Lesson 2 - Walk-Forward Validation

Welcome to Walk-Forward Validation

Lesson 1 showed that a model’s error swings meaningfully depending on which single year gets held out. Walk-forward validation is the standard fix: instead of splitting the series once, you split it several times, at a sequence of points moving forward through history, refitting the model fresh at each one and forecasting a fixed horizon ahead. The result is not one accuracy number but a small collection of them, which is exactly what Lesson 1’s exercises argued you actually need.

By the end of this lesson, you will be able to:

  • Explain what an origin is and how walk-forward validation moves through a series
  • Implement an expanding-window backtest by hand
  • Implement a rolling-window backtest by hand and explain how it differs
  • Read a mean and standard deviation across origins as a model’s real expected performance

Let’s build the loop.


Origins, Expanding, and Rolling

A walk-forward backtest picks a sequence of origins, points in time where training stops and forecasting begins. At each origin, you train on everything up to that point, forecast a fixed number of steps ahead, called the horizon, and score the forecast against what actually happened. Then you move the origin forward and repeat. Two ways to grow the training window as the origin advances:

  • Expanding window: training always starts at the very first observation, so it keeps growing longer at each origin.
  • Rolling window: training keeps a fixed size, so as the origin advances, the oldest months are dropped to make room for the newest ones.

Expanding Window, By Hand

Pick six origins, 60 months of training up through 90 months, each followed by a six-month forecast:

import numpy as np
import pandas as pd
from statsmodels.tsa.statespace.sarimax import SARIMAX

def cyclepath():
    idx = pd.date_range("2016-01-01", periods=96, freq="MS")
    t = np.arange(96)
    rng = np.random.default_rng(42)
    trend = 9000 + 90 * t
    seasonal = 3200 * np.sin(2 * np.pi * (t - 3) / 12)
    noise = rng.normal(0, 350, 96)
    return pd.Series(np.round(trend + seasonal + noise).astype(int), index=idx, name="trips")

y = cyclepath()
def mape(a, f): return np.mean(np.abs((a - f) / a)) * 100

h = 6
origins = list(range(60, 96, 6))
expanding_scores = []

for origin in origins:
    train, test = y.iloc[:origin], y.iloc[origin:origin + h]
    model = SARIMAX(train, order=(1, 1, 0), seasonal_order=(1, 1, 0, 12)).fit(disp=False)
    fc = model.forecast(h)
    score = mape(test, fc)
    expanding_scores.append(score)
    print(f"origin={origin}  test={test.index[0].date()}..{test.index[-1].date()}  MAPE={score:.2f}")

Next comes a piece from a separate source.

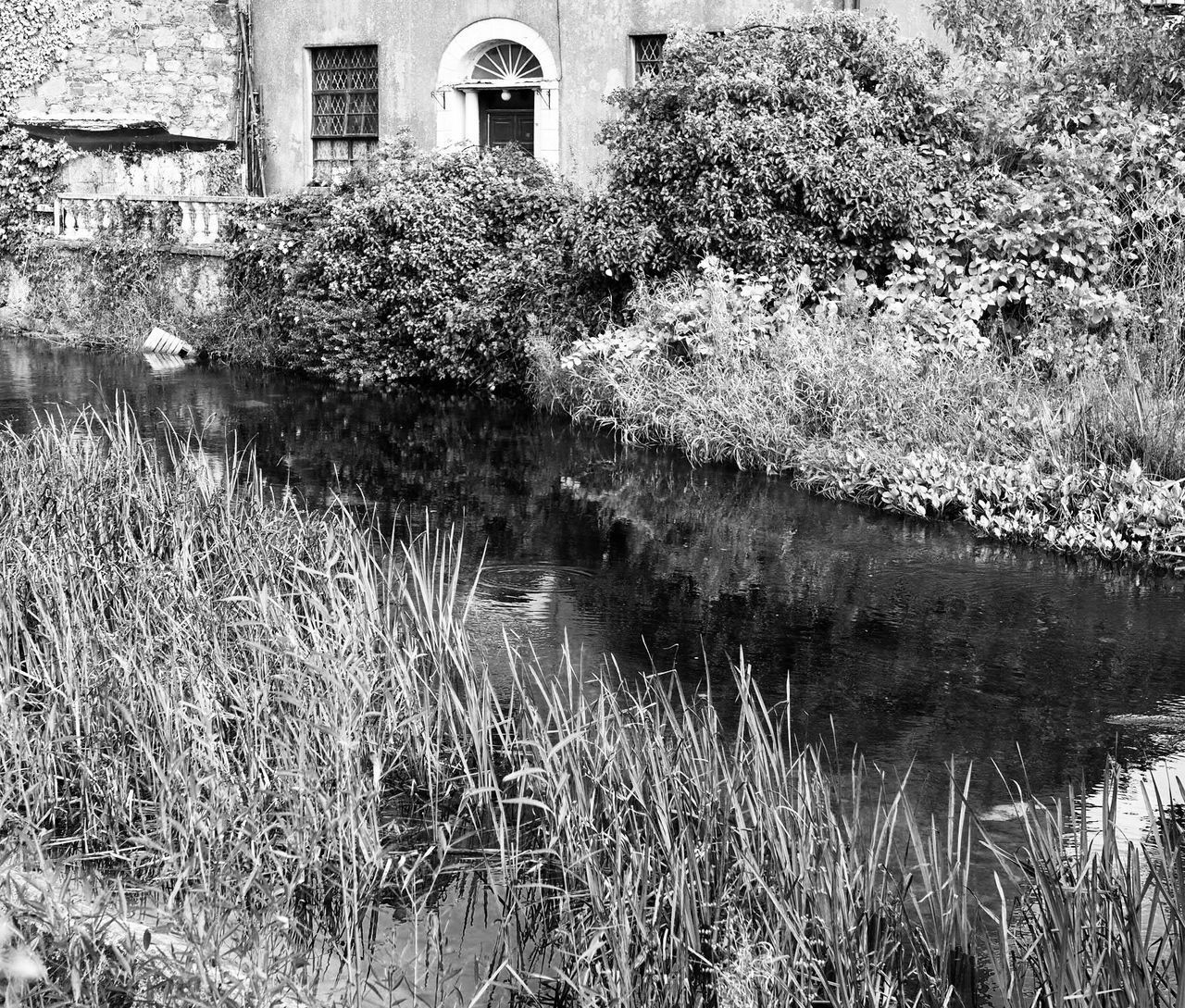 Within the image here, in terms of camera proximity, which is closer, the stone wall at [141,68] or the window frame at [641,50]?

print(round(np.mean(expanding_scores), 2), round(np.std(expanding_scores), 2))
origin=60  test=2021-01-01..2021-06-01  MAPE=2.12
origin=66  test=2021-07-01..2021-12-01  MAPE=3.49
origin=72  test=2022-01-01..2022-06-01  MAPE=3.74
origin=78  test=2022-07-01..2022-12-01  MAPE=1.38
origin=84  test=2023-01-01..2023-06-01  MAPE=0.82
origin=90  test=2023-07-01..2023-12-01  MAPE=1.31

2.14 1.11

Six origins, six different training sizes (60 through 90 months), each refitting SARIMA from scratch and forecasting the following six months. The scores range from 0.82% to 3.74%, averaging 2.14% with a standard deviation of 1.11. Notice something Module 6 never surfaced: the origin at 84 months, forecasting January through June 2023, scores 0.82%, meaningfully better than the 1.06% Module 6 reported for the full twelve months of 2023. Backtesting does not just add more test points, it also reveals that a model’s accuracy can depend on the forecast horizon itself, not only on which year is tested.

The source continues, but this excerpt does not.